▸ **Aim of the task**
Set down the material again. Keep every line exactly as it is.

▸ **Provided data**
Start of Block

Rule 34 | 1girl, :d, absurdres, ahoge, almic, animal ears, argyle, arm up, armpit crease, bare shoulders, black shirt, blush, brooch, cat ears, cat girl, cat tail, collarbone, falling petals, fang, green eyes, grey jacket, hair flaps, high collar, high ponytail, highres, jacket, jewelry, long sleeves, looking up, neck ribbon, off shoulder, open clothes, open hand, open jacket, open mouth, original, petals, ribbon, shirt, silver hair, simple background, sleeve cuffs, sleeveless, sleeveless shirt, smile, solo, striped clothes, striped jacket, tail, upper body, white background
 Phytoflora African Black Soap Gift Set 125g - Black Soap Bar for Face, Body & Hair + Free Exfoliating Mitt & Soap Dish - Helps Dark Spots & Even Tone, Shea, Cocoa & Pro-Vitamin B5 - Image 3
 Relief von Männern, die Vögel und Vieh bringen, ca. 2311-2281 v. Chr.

End of Block

▸ **Answer to this problem**
Rule 34 | 1girl, :d, absurdres, ahoge, almic, animal ears, argyle, arm up, armpit crease, bare shoulders, black shirt, blush, brooch, cat ears, cat girl, cat tail, collarbone, falling petals, fang, green eyes, grey jacket, hair flaps, high collar, high ponytail, highres, jacket, jewelry, long sleeves, looking up, neck ribbon, off shoulder, open clothes, open hand, open jacket, open mouth, original, petals, ribbon, shirt, silver hair, simple background, sleeve cuffs, sleeveless, sleeveless shirt, smile, solo, striped clothes, striped jacket, tail, upper body, white background
 Phytoflora African Black Soap Gift Set 125g - Black Soap Bar for Face, Body & Hair + Free Exfoliating Mitt & Soap Dish - Helps Dark Spots & Even Tone, Shea, Cocoa & Pro-Vitamin B5 - Image 3
 Relief von Männern, die Vögel und Vieh bringen, ca. 2311-2281 v. Chr.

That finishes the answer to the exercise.